REINFORCE¶

REINFORCE is a policy gradient algorithm that directly maximizes the expected return of a completion by the policy. We optimize the following loss with off-policy importance sampling correction:

\[\mathcal{L}_{\text{REINFORCE}}(\theta) = -\frac{1}{N} \sum_{i=1}^{N} A_i \, \pi_\theta(a_i \mid s_i)\]

where:

\[\log \pi_\theta(a_i \mid s_i) = \sum_{t=1}^{T_i} \log \pi_\theta(a_{i,t} \mid s_{i,t})\]

Rolling Advantage Estimation

We recommend using Rolling Advantage Estimation (RAE), introduced in [1], to use a rolling baseline to optimize the advantage for improved training convergence and stability! RAE maintains separate baselines \(b_{G,p}\) for each game \(G \in \mathcal{G}\) and role \(p \in \{0,1\}\), where each baseline estimates the expected return \(\mathbb{E}[R_p(\tau)]\) for that role in that game. We update these baselines using exponential moving average (EMA) with a decay rate \(\alpha \in [0,1]\):

\[\begin{split}\begin{align} b_{G,p} &\leftarrow \alpha b_{G,p} + (1-\alpha) R_p(\tau) && \text{(update baseline)} \\ A_{G,p}(\tau) &= R_p(\tau) - b_{G,p} && \text{(compute advantage)} \end{align}\end{split}\]

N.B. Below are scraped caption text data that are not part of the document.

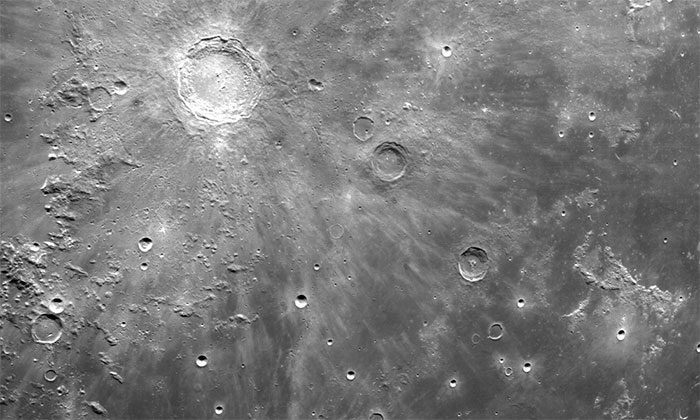 The Orion spacecraft captured close-up images of the Moon's surface.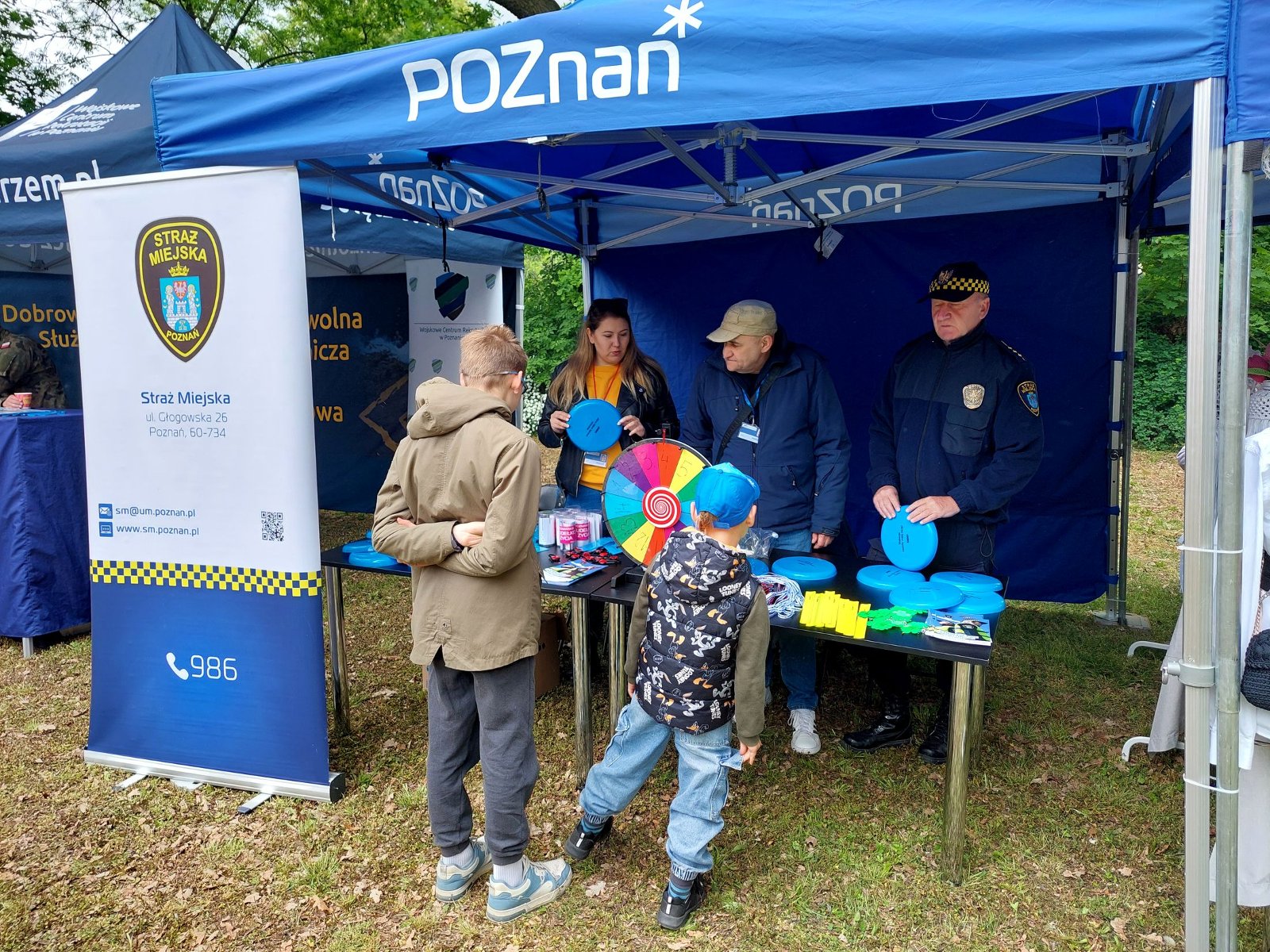 Stoisko profilaktyki SMMP Na zdjęciu znajduje się niebieski namiot z logo Poznania, 3 osoby ze straży miejskiej, 2 kobiety i mężczyzna prezentują materiały promocyjne przy stole, na stole jest kolorowe koło do kręcenia i losowania zadań, przed namiotem stoi dwóch chłopców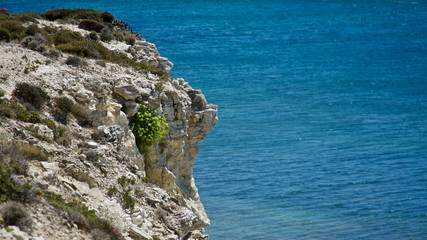 Aegean sea coast and sandy coves and paths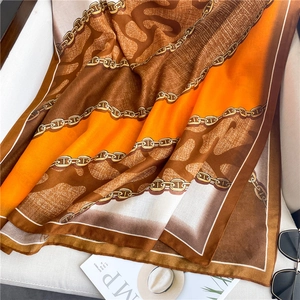Dettaglio di un foulard in seta con motivi a catena dorata e accenti arancioni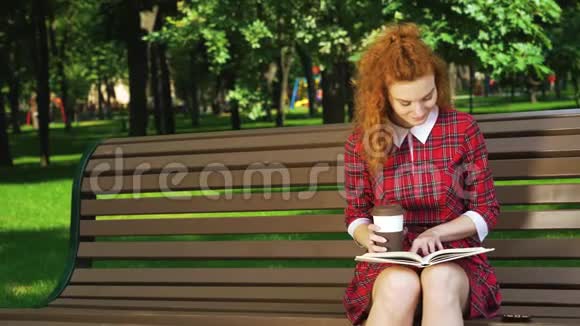 红头发的学生在公园里学习喝咖啡视频的预览图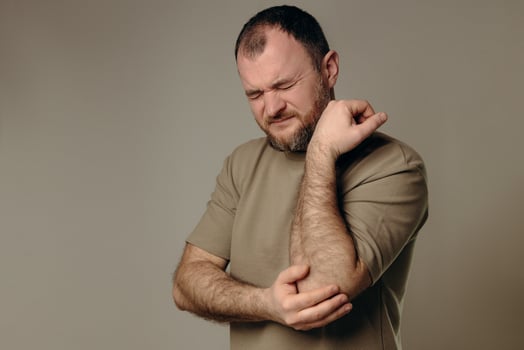 man experiences elbow pain due to joint problems, arthritis, bursitis or epicondylitis tennis elbow. diagnosis treatment, physical therapy or use of painkillers. diseases musculoskeletal system. photo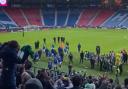 Rangers players trudge off the field at Hampden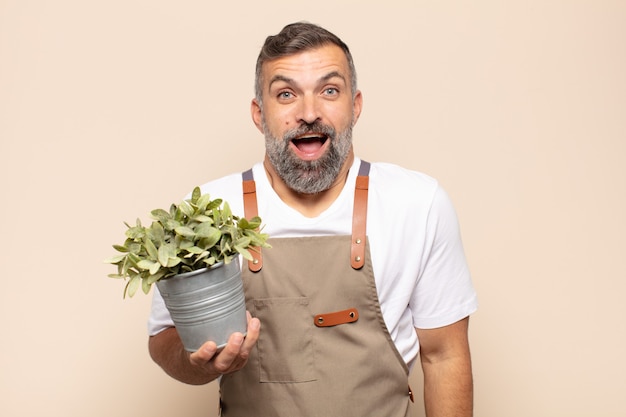 Hombre adulto que parece feliz y gratamente sorprendido, emocionado con una expresión fascinada y conmocionada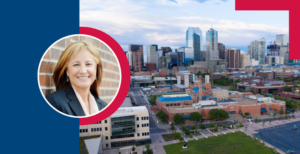 Headshot of Camille Torres, J.D., over an aerial photo of Auraria campus with the Denver skyline in the background.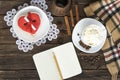 Cup of cappuccino, heart shaped cookies width message, notebook, pencil and coffee pots on a brown wooden table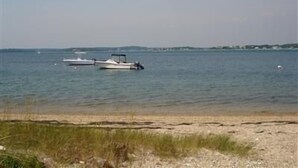 Une plage avec deux bateaux ancrés dans une eau calme, un ciel dégagé et une terre lointaine à l’horizon.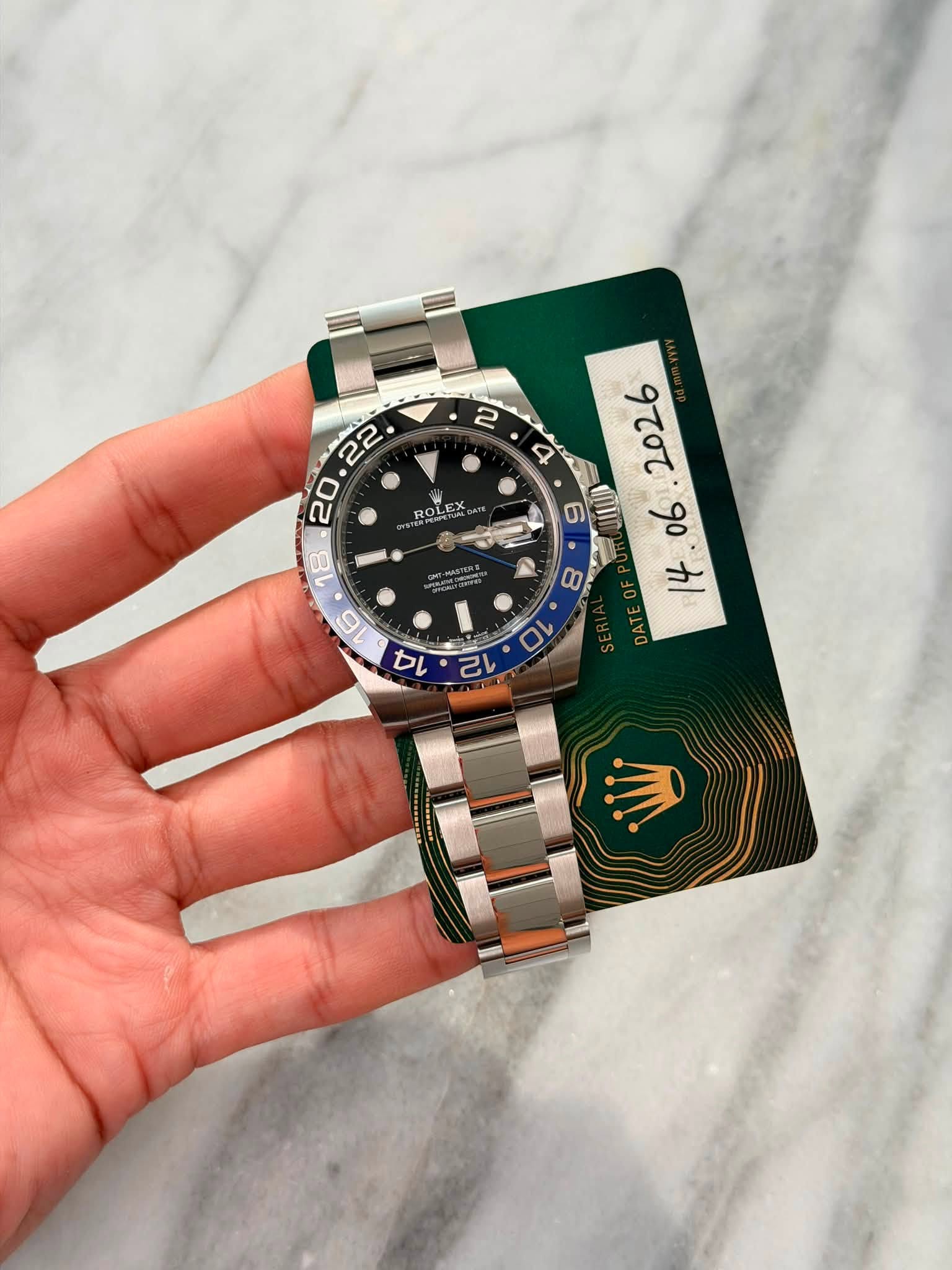 May be an image of wrist watch and text that says '2 4 ROLEX mII 9o か '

[1] Liu, B., Guertler, L., Yu, S., Liu, Z., Qi, P., Balcells, D., … & Jaques, N. (2025). SPIRAL: Self-Play on Zero-Sum Games Incentivizes Reasoning via Multi-Agent Multi-Turn Reinforcement Learning. arXiv preprint arXiv:2506.24119.

Hyperparameters¶

epochs: int (default: 2): Number of epochs to train the policy.
local_batch_size: int (default: 384): Per-GPU batch size.
micro_batch_size: int (default: 1): The micro batch size used during training.
learning_rate: float (default: 1e-6): Learning rate for the policy.
lr_scheduler_type: str (default: “constant”): Learning rate scheduler type.
lr_warmup_ratio: float (default: 0.01): Learning rate warmup ratio.
grad_clip: float (default: 0.2): Gradient clipping value for the policy.
kl_coef: float (default: 0.0): Coefficient for KL divergence penalty against the reference model.